What is required
Among the entries that follow, the required portion opens with the line containing "Navy Blue Lace" and closes with the line containing "ISABEL Marant Metallic". Give that portion again exactly, and nothing else.

Entries provided
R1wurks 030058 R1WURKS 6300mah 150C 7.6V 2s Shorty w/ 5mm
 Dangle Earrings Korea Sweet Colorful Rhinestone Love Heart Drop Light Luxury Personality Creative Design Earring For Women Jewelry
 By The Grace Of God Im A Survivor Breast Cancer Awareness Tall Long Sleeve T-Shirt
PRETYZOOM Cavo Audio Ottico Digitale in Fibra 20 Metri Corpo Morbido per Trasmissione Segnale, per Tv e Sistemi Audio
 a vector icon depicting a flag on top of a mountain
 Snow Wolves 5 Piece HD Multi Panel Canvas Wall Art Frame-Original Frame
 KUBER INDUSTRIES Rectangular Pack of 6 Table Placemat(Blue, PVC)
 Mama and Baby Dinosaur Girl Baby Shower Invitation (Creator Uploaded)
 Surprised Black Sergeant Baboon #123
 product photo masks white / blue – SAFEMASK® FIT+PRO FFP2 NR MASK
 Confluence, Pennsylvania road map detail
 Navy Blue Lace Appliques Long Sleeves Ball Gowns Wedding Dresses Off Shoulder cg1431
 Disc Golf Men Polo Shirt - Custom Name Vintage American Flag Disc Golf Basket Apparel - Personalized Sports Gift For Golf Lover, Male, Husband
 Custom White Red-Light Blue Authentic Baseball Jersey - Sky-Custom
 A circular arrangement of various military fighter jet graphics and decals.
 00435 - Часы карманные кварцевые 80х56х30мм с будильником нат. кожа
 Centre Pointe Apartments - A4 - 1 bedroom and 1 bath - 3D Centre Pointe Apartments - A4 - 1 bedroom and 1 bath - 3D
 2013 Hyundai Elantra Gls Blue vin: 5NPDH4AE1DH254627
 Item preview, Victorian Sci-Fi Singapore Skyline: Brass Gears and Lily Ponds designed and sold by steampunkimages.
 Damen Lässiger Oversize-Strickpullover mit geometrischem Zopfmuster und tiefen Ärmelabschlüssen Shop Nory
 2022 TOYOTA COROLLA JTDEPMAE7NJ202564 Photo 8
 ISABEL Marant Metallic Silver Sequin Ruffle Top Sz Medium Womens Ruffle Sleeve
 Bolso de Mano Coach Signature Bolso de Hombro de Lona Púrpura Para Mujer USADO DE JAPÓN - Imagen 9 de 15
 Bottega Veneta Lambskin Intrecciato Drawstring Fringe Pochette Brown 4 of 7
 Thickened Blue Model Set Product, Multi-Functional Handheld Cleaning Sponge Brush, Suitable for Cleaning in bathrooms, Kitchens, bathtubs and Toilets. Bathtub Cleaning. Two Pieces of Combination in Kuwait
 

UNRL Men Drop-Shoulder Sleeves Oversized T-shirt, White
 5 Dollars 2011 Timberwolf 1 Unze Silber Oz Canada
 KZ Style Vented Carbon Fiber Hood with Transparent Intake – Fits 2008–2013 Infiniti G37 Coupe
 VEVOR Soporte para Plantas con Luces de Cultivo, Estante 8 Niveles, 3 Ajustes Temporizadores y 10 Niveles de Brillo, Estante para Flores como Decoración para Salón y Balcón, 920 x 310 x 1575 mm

Reply to the task
 Navy Blue Lace Appliques Long Sleeves Ball Gowns Wedding Dresses Off Shoulder cg1431
 Disc Golf Men Polo Shirt - Custom Name Vintage American Flag Disc Golf Basket Apparel - Personalized Sports Gift For Golf Lover, Male, Husband
 Custom White Red-Light Blue Authentic Baseball Jersey - Sky-Custom
 A circular arrangement of various military fighter jet graphics and decals.
 00435 - Часы карманные кварцевые 80х56х30мм с будильником нат. кожа
 Centre Pointe Apartments - A4 - 1 bedroom and 1 bath - 3D Centre Pointe Apartments - A4 - 1 bedroom and 1 bath - 3D
 2013 Hyundai Elantra Gls Blue vin: 5NPDH4AE1DH254627
 Item preview, Victorian Sci-Fi Singapore Skyline: Brass Gears and Lily Ponds designed and sold by steampunkimages.
 Damen Lässiger Oversize-Strickpullover mit geometrischem Zopfmuster und tiefen Ärmelabschlüssen Shop Nory
 2022 TOYOTA COROLLA JTDEPMAE7NJ202564 Photo 8
 ISABEL Marant Metallic Silver Sequin Ruffle Top Sz Medium Womens Ruffle Sleeve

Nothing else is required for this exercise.